The present invention relates to a printing process, such as a keyless lithographic printing process and, in particular, to a device for circulating ink in a printing fluid pan in a printing press.
In the art and practice of high-speed lithographic offset printing, for example, ink is more-or-less continuously conveyed from a suitable reservoir by means of a series of coextensive rollers to a planographic printing plate where the image portions of the printing plate accept ink from the last of the series of inking rollers. A portion of that ink is then transferred to a printing blanket as a reverse image from which a portion of the ink is transferred in the form of a right-reading image to paper or another suitable substrate. It is essential in conventional lithographic printing processes that dampening water containing proprietary additives also be conveyed more-or-less continuously to the printing plate where, by transferring in part to the non-image areas of the printing plate, the water operates to keep those non-image areas free of ink.
In some prior art printing press systems, both the ink and the dampening water are continuously and separately made available to all parts of the printing plate, image and non-image areas alike; and in the absence of dampening water, the printing plate will accept ink in both the image and non-image areas of its surface.
Lithographic printing plate surfaces in the absence of imaging materials have minute interstices and an overall hydrophilic or water-loving character that enhance retention of water rather than ink in the non-imaged areas. Imaging this hydrophilic plate surface creates oleophilic areas according to the desired image format. Subsequently, when water is presented to the inked, imaged plate in appropriate amounts only that ink residing in non-image areas becomes debonded. In its simplest view, this action accounts for the continuous image and non-image differentiation at the printing plate surface which differentiation is essential and integral to the lithographic printing process.
Newspaper printing configurations are known which rely on the inking train of rollers to carry dampening water to the printing plate. Configurations such as those noted above will, together with appropriate ink and dampening concentrate selections, function such that the ink, referred to as a printing fluid, itself carries all of the required dampening water to the printing plate, yet the press functions and is controlled more-or-less conventionally from the viewpoint of lithographic printing.
Planographic printing systems and elements thereof which do not require dampening water, and may therefore be termed single-fluid systems, are known in the prior art. Such systems rely in one way or another on low-surface-energy silicone non-image portions of the printing plate disallowing ink adhesion, thereby forming the basis for differentiation between ink-receptive nonsilicone image areas and of non-ink-receptive non-image silicone areas of the printing plate. Only ink needs to be available to the plate, dampening solutions being unnecessary.
In the printing press systems described above it is typical to provide a first roller, referred to as a pickup roller in the train of inking rollers which is partially submerged in a pan containing the ink or printing fluid.

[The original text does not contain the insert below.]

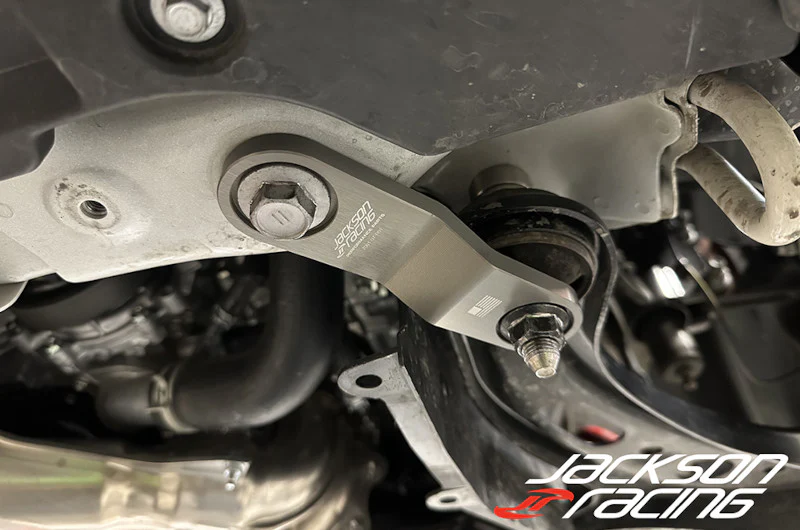 Jakson Racing 13+ FRS/BRZ/GR86 Anti-Dive Kit - 2013+ Subaru BRZ / 2013-2016 Scion FR-S / 2017+ Toyota 86 - Image 3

As the pickup roller rotates, its surface picks up the printing fluid from the pan which in turn is transferred along the train of inking rollers. It is well known in the prior art that it is necessary to circulate the ink within the pan past the surface of the pickup roller in order for an even film of ink to be picked up by the surface of the pickup roller. Prior art devices, generally referred to as mixers or agitators, have been used to circulate the ink within the pan. However, such prior art mixers or agitators have met with limited success in circulating the ink without uneven flow past the surface of the pickup roller. In order to overcome this problem prior art circulating pump systems were utilized in which a pump and possibly a reservoir are connected to the pan, and printing fluid is pumped through the pan in order to circulate it. Such ink pans are typically very tall having sloping sides that enabled gravity to gradually cause the viscous inks to flow toward the sump and maintain positive supply of ink to the circulating pump inlet. The pump then, in addition to draining the pan, homogenizes the reservoir ink and returns it as a fresh supply to the pan. Such constructions however, significantly increased the size of printing presses wherein multiple printing couples are combined in one press structure.
The present invention overcomes these drawbacks of the prior art and provides a novel circulating device which produces an even and constant flow of ink past the surface of the pickup roller and which is compact in size, thereby reducing the overall size configuration of the printing press in which it is used. The present invention also eliminates external recirculating pumps and associated piping in prior art keyless printing presses.